(Data items)
=====
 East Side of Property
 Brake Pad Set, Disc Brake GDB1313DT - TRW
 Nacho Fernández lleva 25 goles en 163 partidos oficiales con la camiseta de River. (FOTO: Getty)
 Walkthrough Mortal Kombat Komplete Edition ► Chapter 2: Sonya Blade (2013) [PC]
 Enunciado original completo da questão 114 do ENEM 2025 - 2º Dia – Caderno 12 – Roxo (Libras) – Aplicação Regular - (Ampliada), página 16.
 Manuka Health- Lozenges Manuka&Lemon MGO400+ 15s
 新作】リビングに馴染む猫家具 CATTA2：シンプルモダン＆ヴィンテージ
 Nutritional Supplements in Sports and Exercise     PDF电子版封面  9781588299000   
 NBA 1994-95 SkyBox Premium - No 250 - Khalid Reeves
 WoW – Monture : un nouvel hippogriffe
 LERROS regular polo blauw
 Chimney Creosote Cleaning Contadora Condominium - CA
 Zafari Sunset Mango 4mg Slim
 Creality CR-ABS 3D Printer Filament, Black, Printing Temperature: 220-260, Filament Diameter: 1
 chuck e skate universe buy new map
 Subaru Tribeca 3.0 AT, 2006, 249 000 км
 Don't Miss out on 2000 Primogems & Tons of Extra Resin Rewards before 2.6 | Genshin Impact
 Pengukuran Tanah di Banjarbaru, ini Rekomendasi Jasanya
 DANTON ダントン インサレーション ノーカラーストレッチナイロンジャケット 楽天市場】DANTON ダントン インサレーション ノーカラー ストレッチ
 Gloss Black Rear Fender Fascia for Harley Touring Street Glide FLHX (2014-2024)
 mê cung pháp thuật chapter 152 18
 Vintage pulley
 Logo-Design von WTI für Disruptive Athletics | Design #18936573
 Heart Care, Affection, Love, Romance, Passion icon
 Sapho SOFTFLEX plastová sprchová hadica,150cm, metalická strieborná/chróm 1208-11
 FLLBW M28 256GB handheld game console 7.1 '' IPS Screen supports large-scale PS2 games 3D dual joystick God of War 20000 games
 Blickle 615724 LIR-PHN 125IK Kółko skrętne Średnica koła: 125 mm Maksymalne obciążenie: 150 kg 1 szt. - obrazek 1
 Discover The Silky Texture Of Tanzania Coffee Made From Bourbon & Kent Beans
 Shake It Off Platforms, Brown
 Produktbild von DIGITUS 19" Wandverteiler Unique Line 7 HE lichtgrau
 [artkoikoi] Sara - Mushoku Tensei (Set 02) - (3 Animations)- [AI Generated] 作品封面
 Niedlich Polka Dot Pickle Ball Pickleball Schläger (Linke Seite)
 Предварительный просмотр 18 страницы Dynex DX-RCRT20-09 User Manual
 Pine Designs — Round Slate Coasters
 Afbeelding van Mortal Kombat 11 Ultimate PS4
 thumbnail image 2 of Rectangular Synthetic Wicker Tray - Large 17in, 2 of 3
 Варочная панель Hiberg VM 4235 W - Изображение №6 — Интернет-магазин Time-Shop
=====
Could you return exactly the lines above from the line with "DANTON ダントン インサレーション ノーカラーストレッチナイロンジャケット" to the line with "Shake It Off Platforms, Brown", both included, and nothing else?

 DANTON ダントン インサレーション ノーカラーストレッチナイロンジャケット 楽天市場】DANTON ダントン インサレーション ノーカラー ストレッチ
 Gloss Black Rear Fender Fascia for Harley Touring Street Glide FLHX (2014-2024)
 mê cung pháp thuật chapter 152 18
 Vintage pulley
 Logo-Design von WTI für Disruptive Athletics | Design #18936573
 Heart Care, Affection, Love, Romance, Passion icon
 Sapho SOFTFLEX plastová sprchová hadica,150cm, metalická strieborná/chróm 1208-11
 FLLBW M28 256GB handheld game console 7.1 '' IPS Screen supports large-scale PS2 games 3D dual joystick God of War 20000 games
 Blickle 615724 LIR-PHN 125IK Kółko skrętne Średnica koła: 125 mm Maksymalne obciążenie: 150 kg 1 szt. - obrazek 1
 Discover The Silky Texture Of Tanzania Coffee Made From Bourbon & Kent Beans
 Shake It Off Platforms, Brown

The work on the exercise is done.